I'll be on The London Fringe Show at 10 p.m. in honour of my winning the London Festival Fringe New Poetry Award for The Tethers. I'll be reading a few poems as well as answering questions about the prize (presumably). You can listen online via Resonance's website.

Thursday, 18 November 2010

Two more (last?) readings for Infinite Difference at Greenwich and UEA

There are two more readings from Infinite Difference: Other Poetries by UK Women Poets forthcoming; I expect they'll be the last ones for some time.

On Friday, 17 December at 7 p.m., Sascha Akhtar, Emily Critchley, Frances Kruk, Rachel Lehrman, Sophie Mayer, Wendy Mulford, myself, and others to be confirmed will read at the University of Greenwich as part of their term-end student reading. Thus selected students will read in the first half, anthology contributors in the second. The reading is free. I'll post the exact location and an updated list of readers on the Infinite Difference page as soon as I have them.

On Tuesday, 22 February, at 7 p.m., Sascha Akhtar, Anne Blonstein, Rachel Lehrman, Wendy Mulford, Frances Presley, Anna Reckin, Lucy Sheerman, Harriet Tarlo, myself, and others to be confirmed will read in the Drama Studio at the University of East Anglia. The reading is free and open to the public.

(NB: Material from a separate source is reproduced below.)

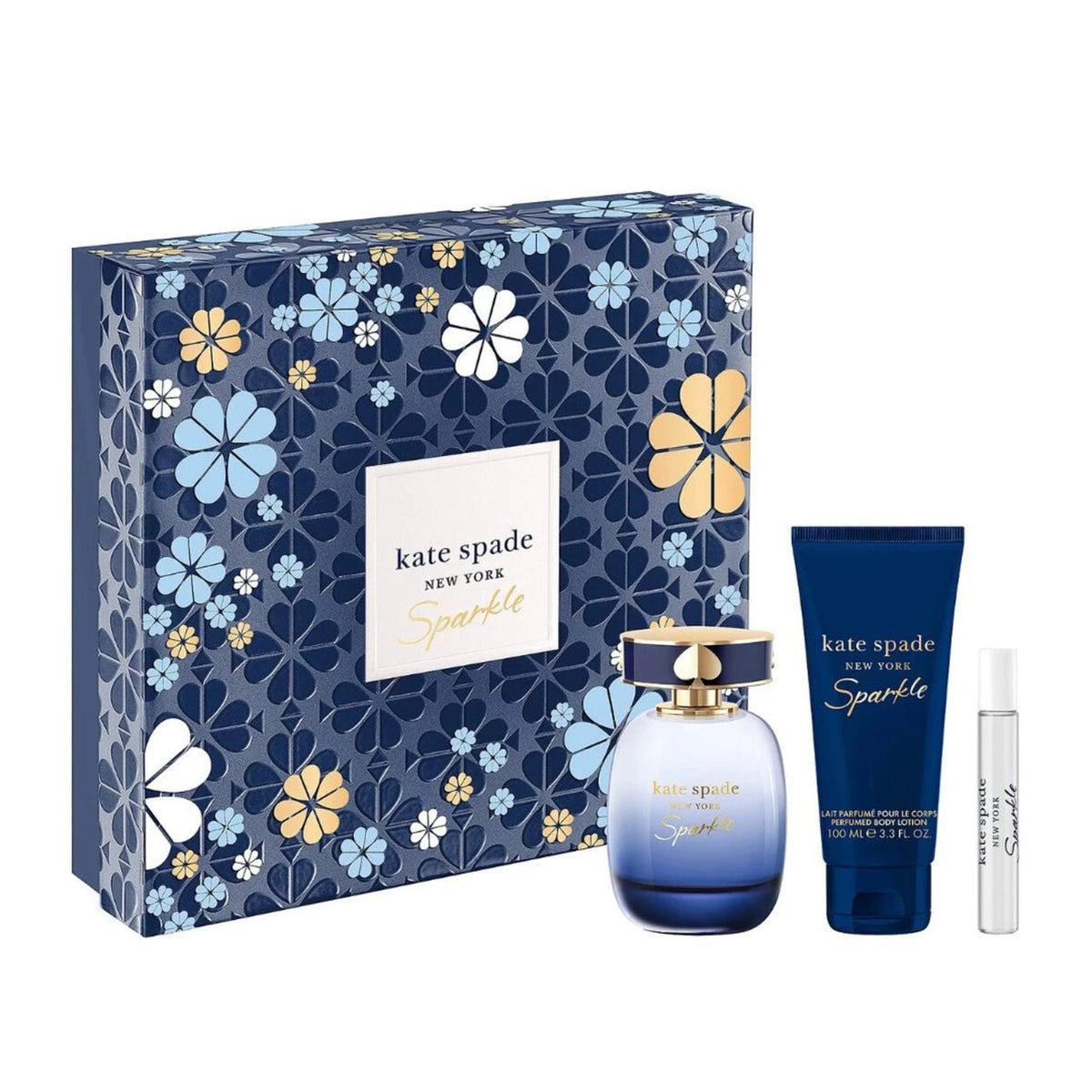 Kate spade sparkle 3 pcs set for women: 3.3 eau de parfum spray intense + 0.25 eau de parfum spray intense + 3.3 body lotion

Take down the dates! These will be great nights.

Wednesday, 17 November 2010

Jane Monson's Speaking without Tongues, second selection, and launch tonight in Cardiff

Tonight former student Jane Monson launches her first collection, Speaking without Tongues (consisting entirely of prose poems), while Alison Bielski launches her latest, one of our skylarks, at the Wales Millennium Centre at 7 p.m. The event is free--say hello if you join me!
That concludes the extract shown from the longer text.